2. The method according to claim 1, wherein the obtaining a panoramic area of each marking element in the spatial live-action map in response to obtaining at least two marking elements overlapping the same target medium image in the spatial live-action map comprises:

in response to at least two mark elements which are overlapped and added to the same target medium image in the space live-action image, outputting prompt information aiming at the at least two mark elements;

and acquiring panoramic areas corresponding to the at least two marking elements.

3. The method according to claim 2, wherein the outputting the hint information for the at least two marking elements in response to adding the at least two marking elements overlapping for the same target medium image in the spatial live-action map comprises:

displaying a first marking element for a target medium image in the space live-action figure in response to a marking instruction for the target medium image;

responding to the editing operation for the first mark element, and if a corresponding second mark element already exists in the target medium image and a spatial overlap occurs between the first mark element and the second mark element after or during the editing of the first mark element, outputting prompt information for the first mark element and the second mark element.

4. The method according to claim 3, wherein the outputting, in response to the editing operation for the first mark element, prompt information for the first mark element and the second mark element if a corresponding second mark element already exists in the target media image and a spatial overlap occurs between the first mark element and the second mark element after or during editing of the first mark element comprises:

responding to an editing operation for the first marking element, determining a first marking position of the first marking element according to the editing operation, and if the first marking position and a second marking position of a second marking element in the space live-action image are overlapped in space, outputting prompt information for the first marking element and the second marking element.

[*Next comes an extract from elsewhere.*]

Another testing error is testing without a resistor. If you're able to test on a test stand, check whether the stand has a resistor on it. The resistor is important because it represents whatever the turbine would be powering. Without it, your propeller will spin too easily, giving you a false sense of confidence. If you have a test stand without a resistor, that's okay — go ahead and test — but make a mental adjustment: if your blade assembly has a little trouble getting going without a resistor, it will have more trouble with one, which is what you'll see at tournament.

5. The method of claim 4, wherein the first marker position comprises a first coordinate of the first marker element in a panoramic coordinate system, and wherein outputting hinting information for a second marker element in the spatial live view if a spatial overlap occurs between the first marker position and a second marker position of the first marker element comprises:

acquiring second coordinates of second mark elements in the space live-action image except the first mark elements in the panoramic coordinate system;

and taking a second mark element to which a second coordinate overlapped with the first coordinate belongs and the first mark element as abnormal mark elements, and outputting prompt information aiming at the abnormal mark elements.

6. The method according to claim 4, wherein the first mark position comprises a first end point position corresponding to an end point of the first mark element or a first boundary position corresponding to a boundary of the first mark element, and the outputting the hint information for the first mark element and a second mark element in the real scene graph if a spatial overlap occurs between the first mark position and a second mark position of the second mark element comprises:

acquiring a second endpoint position or a second boundary position corresponding to a boundary, which corresponds to an endpoint of a second mark element except the first mark element, in the space live-action image;

taking a second mark element belonging to a second endpoint position of the same target medium image as the first endpoint position mark as an abnormal mark element, or taking a second mark element belonging to a second boundary position of the same target medium image as the first boundary position mark as an abnormal mark element;

and outputting prompt information aiming at the abnormal marking element.

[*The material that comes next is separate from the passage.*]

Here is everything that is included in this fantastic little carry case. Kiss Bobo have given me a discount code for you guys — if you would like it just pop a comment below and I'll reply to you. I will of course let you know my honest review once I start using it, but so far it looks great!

7. The method of claim 4, wherein said determining a first marker position for the first marker element in accordance with an editing operation for the first marker element in response to the editing operation comprises:

displaying an editing control group for the first markup element, wherein the editing control group at least comprises an endpoint control and a mobile control;

in response to the triggering of at least one endpoint control, after the endpoint control completes executing a first editing operation, determining a medium image marked by each endpoint in the first marking element in the space live-action image according to the first editing operation;

and/or responding to the trigger aiming at the mobile control, so that after the mobile control completes the execution of the second editing operation, the first coordinate of the first marking element in the space live-action image is obtained according to the position of the second editing operation.

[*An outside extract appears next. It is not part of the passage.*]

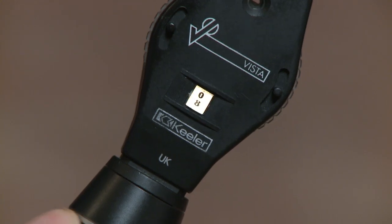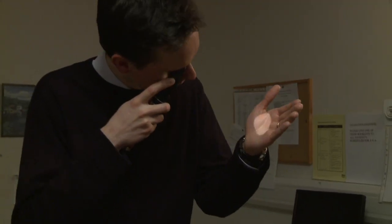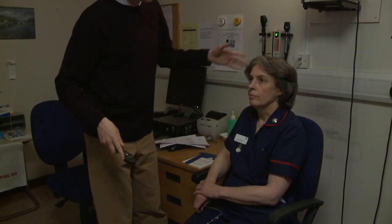Dial up a plus 8 dioptre lens which should allow you to focus on your hand at 12cm. Explain to the patient what you are planning to do and that you are going to get quite close in order to get a good view. Use the ophthalmoscope with your right hand to examine the patient's right eye and vice versa, and place your thumb of the other hand lightly on the patient's brow to avoid bumping heads.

8. The method of claim 2, wherein outputting hint information for the first markup element and the second markup element comprises:

switching the first mark element from a first display style to a second display style or switching the second mark element from the first display style to the second display style, and displaying text prompt information aiming at the first mark element;

the first display style and the second display style are different display modes.

9. The method according to claim 2, wherein the panoramic area includes panoramic pixel coordinates of the markup element in the real space image, and the obtaining, according to the panoramic area corresponding to the markup element, a target outline element mapped in the real space image by the markup element and an outline position on the target outline element comprises:

mapping the panoramic pixel coordinate corresponding to each marking element into a three-dimensional point cloud coordinate;

and respectively positioning a target contour element corresponding to the three-dimensional point cloud coordinate corresponding to each marking element and a contour position on the target contour element from the space contour map.

10. The method of claim 9, wherein displaying in the spatial profile map a target profile element according to a mapping of each of the markup elements in the spatial profile map and a profile position on the target profile element to indicate that there is an overlap between different markup elements comprises:

displaying corresponding structural elements in the space outline according to the mapped target outline elements of the marking elements in the space outline and the outline positions on the target outline elements;

if the positions of the structural elements corresponding to the at least two marking elements on the spatial contour map are overlapped, displaying a first prompt identifier for the at least two structural elements with overlapped positions on the spatial contour map to prompt that the different marking elements are overlapped.

11. The method according to claim 1, wherein said presenting the spatial realistic view corresponding to the target structural element in response to an edit instruction for the target structural element on the spatial outline map comprises:

in response to an editing instruction of a target structure element on the spatial outline diagram, extracting a spatial live-action diagram corresponding to the target structure element at a current observation visual angle from the spatial live-action diagram;

acquiring a target observation point corresponding to the current observation visual angle and a target observation area corresponding to the target observation point, wherein the target observation point is a mapping point of the target acquisition point in the space profile, and the target observation area is a mapping area of the space real image in the space profile;

and displaying a space contour map corresponding to the space live-action map, and displaying the target observation point or the target observation point and the target observation area in the space contour map.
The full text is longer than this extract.